Aunque mi mente aún flotaba entre sueños, mi cuerpo recordaba.
Recordaba con demasiada claridad.
Cada caricia.
Cada mordida.
Cada palabra oscura que me susurró al oído con esa voz grave que parecía rozarme el alma.
Me moví apenas, y el roce de las sábanas de lino egipcio contra mi piel desnuda me erizó la piel.
Lo único que llevaba puesto eran las medias de encaje, aún firmemente sujetas a mis muslos.
Él… también seguía igual, como si el tiempo no hubiera avanzado desde anoche.
Como si la intensidad de su dominio se hubiese quedado impregnada entre nosotros, flotando en la habitación como una sombra invisible.
Me giré con cuidado, cada movimiento medido, como si temiera despertarlo.
Y entonces lo vi.
Lucian dormía con un brazo sobre su cabeza, el otro descansando sobre mi cintura, como si incluso en sueños se negara a soltarme.
Su cabello negro, rebelde, caía desordenadamente sobre la frente.
Su mandíbula, afilada y poderosa, estaba relajada, pero incluso así, el contorno de su cuello, sus hombros anchos y su pecho desnudo irradiaban autoridad.
Una fuerza salvaje contenida en el letargo.
Era hermoso.
Terriblemente hermoso.
Una criatura tallada por dioses crueles que amaban lo salvaje, lo indomable.
Un escalofrío me recorrió la columna, pero no era de frío… sino del recuerdo.
Del poder que ejercía sobre mí.
¿Cómo fue que me rendí así?
¿Cómo permití que me dominara de esa forma?
¿Cómo fui capaz de susurrarle que lo amaba?
El rubor me subió como una ola ardiente hasta el rostro.
Bajé la vista, mordiéndome el labio inferior, llena de una vergüenza que me quemaba por dentro.
No debí haberle confesado eso.
No debí dejar que me poseyera con esa mezcla de ferocidad y ternura.
Y, sobre todo… no debí disfrutarlo tanto.
Pero lo hice.
Y ese pensamiento me aterraba.
Lo amaba.
Y él era peligroso.
Un Alfa oscuro.
Un enemigo de mi manada.
Un hombre capaz de destruirme con una sola palabra… si así lo deseaba.
¿Y si todo esto formaba parte de su plan?
¿Y si al confesarle mis sentimientos había perdido toda ventaja, toda fortaleza?

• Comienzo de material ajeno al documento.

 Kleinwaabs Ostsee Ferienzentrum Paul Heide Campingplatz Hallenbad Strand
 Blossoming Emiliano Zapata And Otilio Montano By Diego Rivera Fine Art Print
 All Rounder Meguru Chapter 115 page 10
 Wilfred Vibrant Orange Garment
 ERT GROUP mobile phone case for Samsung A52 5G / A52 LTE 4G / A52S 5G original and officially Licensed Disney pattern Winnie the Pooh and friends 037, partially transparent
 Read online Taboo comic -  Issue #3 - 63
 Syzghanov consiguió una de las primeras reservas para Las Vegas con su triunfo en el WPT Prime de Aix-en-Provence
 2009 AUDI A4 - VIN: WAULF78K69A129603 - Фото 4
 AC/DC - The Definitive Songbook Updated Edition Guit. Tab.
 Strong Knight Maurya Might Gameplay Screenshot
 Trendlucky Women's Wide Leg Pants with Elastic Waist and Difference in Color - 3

Tragué saliva con dificultad.
No podía seguir cayendo.
No tan rápido.
No tan profundo.
Y, sin embargo, cuando vi su ceño fruncirse apenas al mover los dedos en sueños, como si temiera que ya no estuviera a su lado, algo dentro de mí se quebró.
Una punzada cálida y cruel se instaló en mi pecho.
Me odiaba por sentirme segura en su cama.
Me odiaba por desear que no despertara… solo para seguir mirándolo así: humano, quieto, vulnerable.
Entonces escuché un suave toc en la puerta.
Mi cuerpo se tensó de inmediato, pero Lucian ni se inmutó.
La puerta se entreabrió y una brisa tibia, impregnada del aroma a pan horneado y frutas frescas, se deslizó en la habitación.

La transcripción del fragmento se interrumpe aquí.